Now the urban centres, such as Moresby, that's different. That's where things happened.
And if the Hides-Flynn Bottom Pub stoush was real, not just the stuff of urban myth .... well, there's a real whiff of mystery and bravado from the Time Before!
Posted by: Richard Jones | 04 March 2010 at 11:53 AM
What I was trying to say in the review was that any more kiap memoirs, in the O'Connor style, are all going to look the same to your average Australian reader.
But to someone in the know, they will all contain valuable historical data worth recording, thus presenting the problem for future kiap authors of what to do with their manuscripts.

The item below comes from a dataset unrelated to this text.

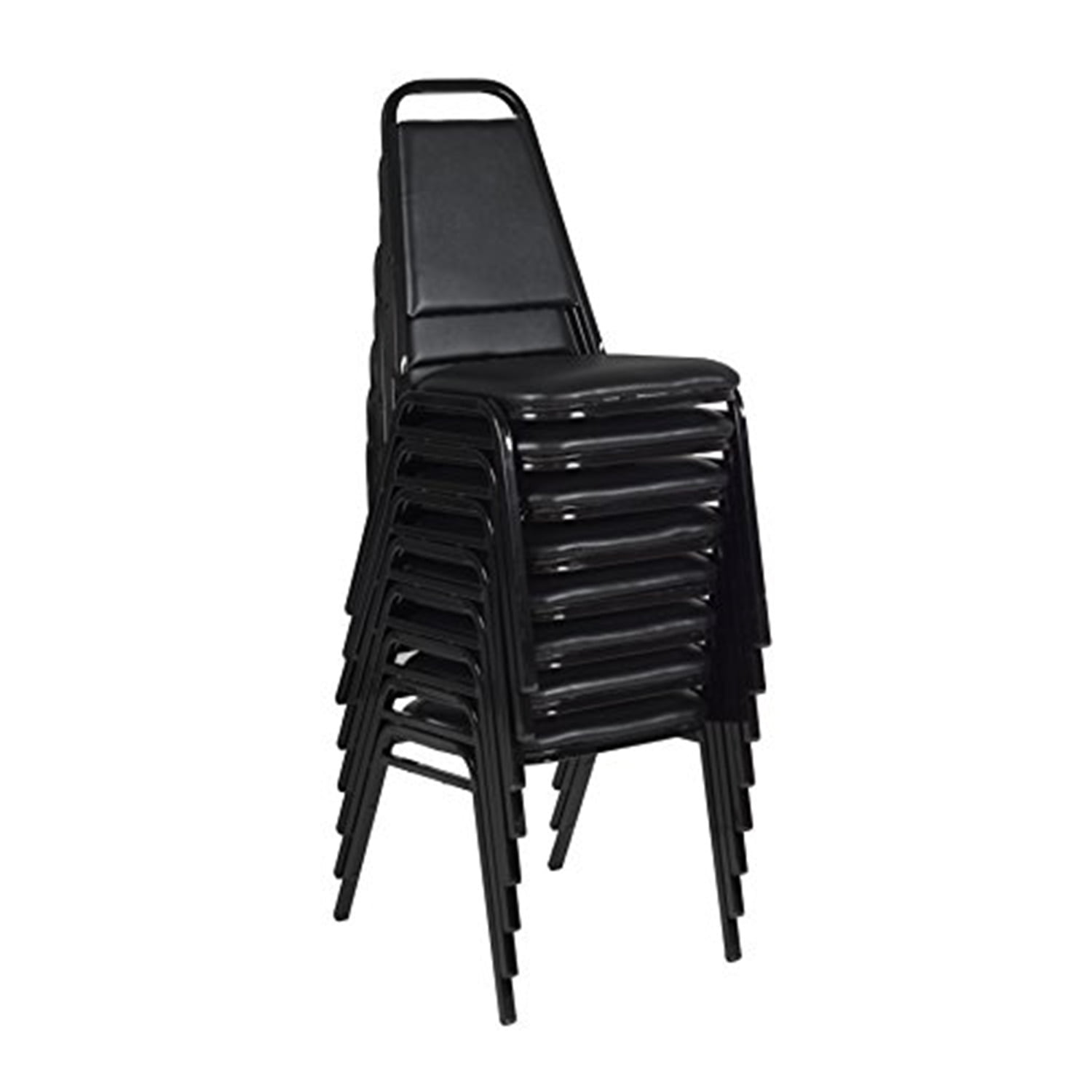Sleek Black Vinyl and Metal High-Back Stackable Chair Set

One thought is that the Fryer Library at UQ might add manuscripts to their PNGAA collection, but they are stuck for space and don't generally accept books.
How we got sidetracked on to Errol Flynn is a bit of a mystery seemingly hinging around the word "biff".
I've got a copy of his first book, "Beam Ends", which is about his voyage back to New Guinea in his original "Sirocco" yacht. Nothing about a barney with Jack Hides in there either.
I dropped an email to the Errol Flynn Society of Tasmania and hopefully they might know - I'll keep you posted.
Posted by: Phil Fitzpatrick | 03 March 2010 at 06:11 PM
I doubt if Jack Hides would have been backward in getting off a shot or three with a handgun. So, according to Peter, Jack must have landed a good one or two on Errol's jaw to dislodge a tooth.
In my drinking days at the Bottom Pub (late 60s-early 70s), there was a bar manager named Don Mulholland. He was a forward with Papuan RL club DCA and had a large facial scar. He was a redoubtable figure.
I recall how difficult it was to remind patrons at closing times that they had a place of abode to go home to. Donny would have been challenged to get the place emptied out.
Later on in the 70s he had the assistance, from time to time, of a large front row forward, Bluey Eustace, who hailed from the NSW northern rivers or maybe southern Queensland.
He could handle himself could Bluey, either on the RL field or in the odd bar room scuffle.
Posted by: Richard Jones | 03 March 2010 at 02:32 PM
In Errol Flynn's autobiography, My Wicked, Wicked Ways, he writes that he fired a weapon in the bar of the Bottom Pub.
When working in POM in 1973 I did a fair bit of drinking in that pub and recall a discussion with one of the bar staff about these events.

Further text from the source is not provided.